Creating derived fields with lambda functions #3434

forrestglines · 2021-07-13T21:06:28Z

Bug report

Bug summary

Adding fields using a lambda function fails to add the field to a dataset. Trying to access created fields that use a lambda function results in a YTFieldNotFound exception.

Code for reproduction

import yt

ds = yt.testing.fake_amr_ds(fields=["density"],units=["g/cm**3"])

for i in range(3):
    ds.add_field(
            name=("gas", f"field_{i}"),
            function=lambda field,data : i*data["density"],
            sampling_type="local",
            units="g/cm**3"
            )

for i in range(3):
    name = ("gas",f"field_{i}")
    print(f"{name} in ds.field_info:", name in ds.field_info) #All false

Actual outcome

yt : [INFO     ] 2021-07-13 16:50:44,250 Parameters: current_time              = 0.0
yt : [INFO     ] 2021-07-13 16:50:44,250 Parameters: domain_dimensions         = [32 32 32]
yt : [INFO     ] 2021-07-13 16:50:44,250 Parameters: domain_left_edge          = [0. 0. 0.]
yt : [INFO     ] 2021-07-13 16:50:44,250 Parameters: domain_right_edge         = [1. 1. 1.]
yt : [INFO     ] 2021-07-13 16:50:44,250 Parameters: cosmological_simulation   = 0.0
('gas', 'field_0') in ds.field_info: False
('gas', 'field_1') in ds.field_info: False
('gas', 'field_2') in ds.field_info: False

None of the fields defined with lambda functions get added to field_info. No errors or exceptions are reported by add_field. But when I try to access the supposedly created fields, I get a YTFieldNotFound exception.

Expected outcome

Lambda functions should work with add_field like other function objects. Or it should be documented that they don't work.

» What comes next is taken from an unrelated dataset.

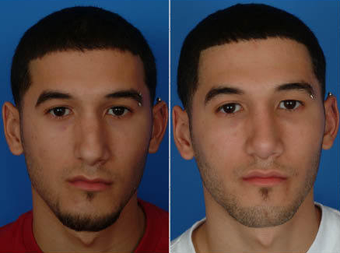 Nose Surgery (Revision Rhinoplasty)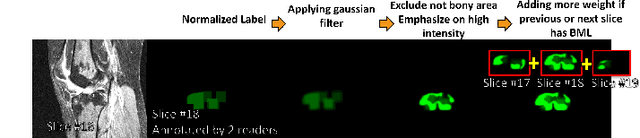 Figure 1 for Weakly Supervised Medical Image Segmentation With Soft Labels and Noise Robust Loss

I remember running into this issue once before several years ago when I was just starting out with yt, it might have existed for a while.

Version Information

Operating System: Linux
Python Version: Python 3.9.5
yt version: Fork of 4.0.dev0, installed from source
Other Libraries (if applicable):

The text was updated successfully, but these errors were encountered:

welcome · 2021-07-13T21:06:29Z

Hi, and welcome to yt! Thanks for opening your first issue. We have an issue template that helps us to gather relevant information to help diagnosing and fixing the issue.

matthewturk · 2021-07-14T12:08:55Z

Hi @forrestglines -- can you verify that if the field is defined as a function (potentially in its own closure), it does get added?

forrestglines · 2021-07-14T15:17:28Z

Yes - I tried out a few ways of adding the fields

#Add the fields with functions defined in loop - works
for i in range(3,6):
    def _field_i(field,data):
        return np.full_like(data["density"],i)
    ds.add_field(
            name=("gas", f"field_{i}"),
            function=_field_i,
            sampling_type="local",
            units="g/cm**3"
            )
#Add fields
def _field_6(field,data):
    return np.full_like(data["density"],6)

ds.add_field(
    name=("gas", "field_6"),
    function=_field_6,
    sampling_type="local",
    units="g/cm**3"
        )

for i in range(7):
    name = ("gas",f"field_{i}")
    print(f"{name} in ds.field_info:", name in ds.field_info)

    if name in ds.field_info:
        print(f"  {name} mean = {ds.all_data()[name].mean()}")

('gas', 'field_3') in ds.field_info: True
  ('gas', 'field_3') mean = 3.0 g/cm**3
('gas', 'field_4') in ds.field_info: True
  ('gas', 'field_4') mean = 4.0 g/cm**3
('gas', 'field_5') in ds.field_info: True
  ('gas', 'field_5') mean = 5.0 g/cm**3
('gas', 'field_6') in ds.field_info: True
  ('gas', 'field_6') mean = 6.0 g/cm**3

These all work. However, defining the functions within the for-loop works as expected in this example but in my analysis code leads to them all sharing the last added function (i.e. they would all print 5.0 in the example shown here, not all different and not all 6.0). I haven't been able to reproduce that behavior in a sharable snippet.

neutrinoceros · 2021-07-15T09:09:17Z

Looks like a bug to me. I'm not 100% sure it that it should work with lambdas (or generally with non-function callables), though I would be inclined to think so. On the off chances that there's a good, deep reason not to add support for it, it should at the very least produce a clear error message.
I note that there isn't a single example of this in the code base or documentation so if anything it doesn't look like it was ever actively pushed.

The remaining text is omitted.